Unsurprisingly, the Industrial Hedges have also outperformed on the earnings growth front. Yet it should be noticed that in recent months the SA Industrials have increased their reported earnings, in money of the day rands, at about the same rate as the global group.

 

The state of the global economy will prove decisive for corporate performance

It will take good support from the global and SA economies to realise the growth in earnings required to justify current market valuations. The global economy plays will benefit directly from US growth. With faster US growth will come higher long term interest rates though. For now this makes US rates a bigger threat to emerging market economies, their currencies and their stock markets than to the US economy and US equities – as we observe from market reactions to higher and lower US long term rates.

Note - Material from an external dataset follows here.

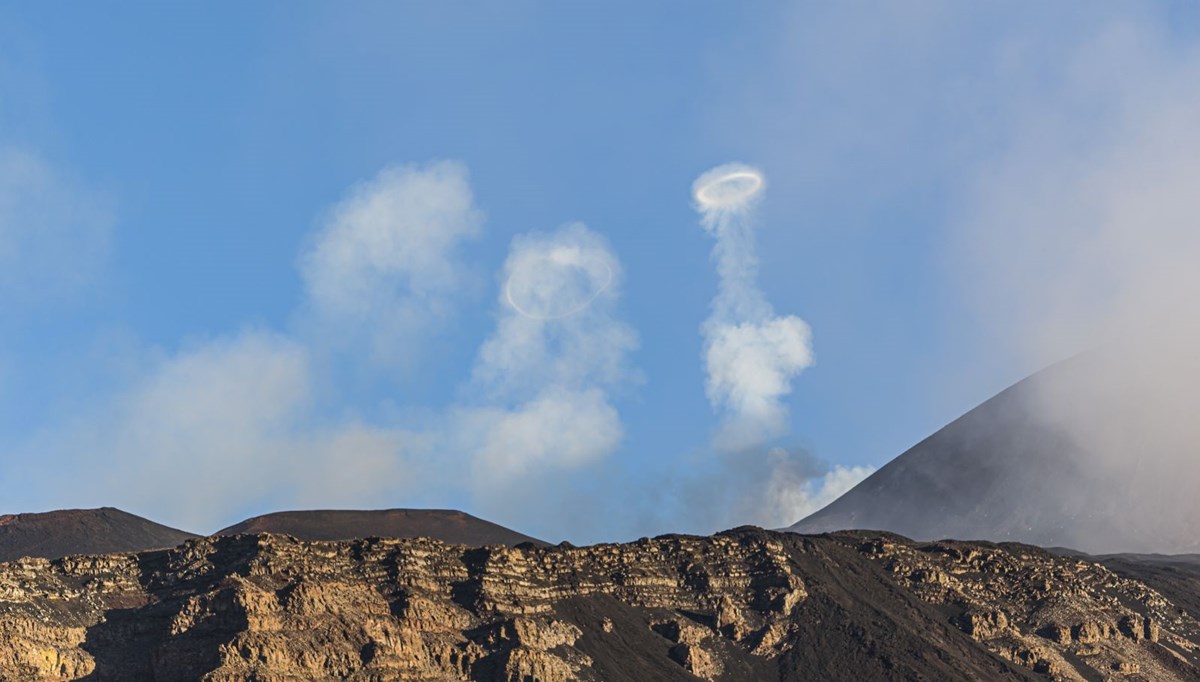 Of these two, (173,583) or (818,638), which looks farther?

Rand weakness adds to the case for the global plays relative to the SA Industrials. Rand strength improves the case for industrials dependent on the SA economy.

 

In due course faster US growth should feed through to emerging market economies and the companies dependent on them – including the SA Industrials. In the long run good news about the US economy means good news for the global economy; but not necessarily immediately. For now the ideal scenario for emerging markets would be modest increases in long term US rates – as the US economy consistently gains momentum and drags global growth along with it. The more delayed and slower the tapering of the extra cash injected into the US economy, the better for emerging market equities, including the JSE.